The deaths at the end of this novel are definitely tragic in a Greek way. The two drowning victims, Eustacia and Damon Wildeve, are victims of an angry Mother Nature and of fate. We get a sense that these two are doomed a few chapters before they even approach the water that's going to kill them. First, we get a sense of a doomed atmosphere: "The gloom of the night was funereal; all nature seemed clothed in crape" (5.7.16). And our heroine is also cast as the walking dead a few minutes before she actually dies. She's described as a "sobbing" ghost-like figure (5.8.99). So, back to the similarities to Greek tragedies, the ancient dramas often featured deus ex machina devices, a term that literally means "fate from the Gods." In other words, some God or "fate" would interfere in the lives of our characters and cause tragedy. Hardy's vicious storm and doomed drowning victims fit the bill here.
But The Return of the Native also features a very substantial epilogue that goes on for a pretty long time. This epilogue seems downright anticlimactic after the intense drowning ending. And that may have been the point. Hardy's epilogue may have deliberately undermined the intensity of the drownings in order to move the emphasis to another major aspect of this novel: Realism. With the epilogue, Hardy shows that life goes on in some form or fashion and that some good things can come out of a disaster, though certainly not for everyone.
One other thing worth noting about the ending(s) of the novel: Hardy only originally planned for the first (drowning) ending. The original epilogue he wrote was much shorter and much sadder – the three surviving characters were all left alone and miserable after the deaths of Eustacia and Damon. Here's Hardy's own footnote on the matter, left in the novel:
The writer may state here that the original conception of the story did not design a marriage between Thomasin and Venn. He was to have retained his [...] weird character to the last, and to have disappeared mysteriously from the heath [...] - Thomasin remaining a widow. But certain circumstances of serial publication led to a change of intent. (6.3.46)
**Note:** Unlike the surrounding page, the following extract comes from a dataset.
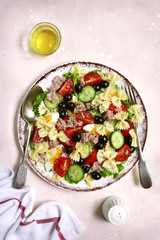 Pasta salad with tuna, cherry tomatoes, cucumber, black olives and boiled eggs.Top view.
Hardy goes on to tell readers that they can imagine whatever ending they think is best here, so he sort of became the first person to ever write a Choose Your Own Adventure story. Good job, Hardy! Basically, Hardy faced pressure from his audience, his publishers, and his own bank account, and so decided to write an ending that would be a crowd-pleasing moneymaker, even though it rankled his artistic sensibilities. It really is fascinating that the readers of this novel, coming from the land of Shakespearean tragedy, didn't have the stomach, apparently, for a harsher ending. But as much as the Victorian-novel-reading public didn't mind their sad endings and their drownings, they did want at least some of the cast to get a happy ending. The type of flat-out tragedy that Hardy wanted to create in novel form was apparently more suited to France at this time period; he jumped the gun a bit in England.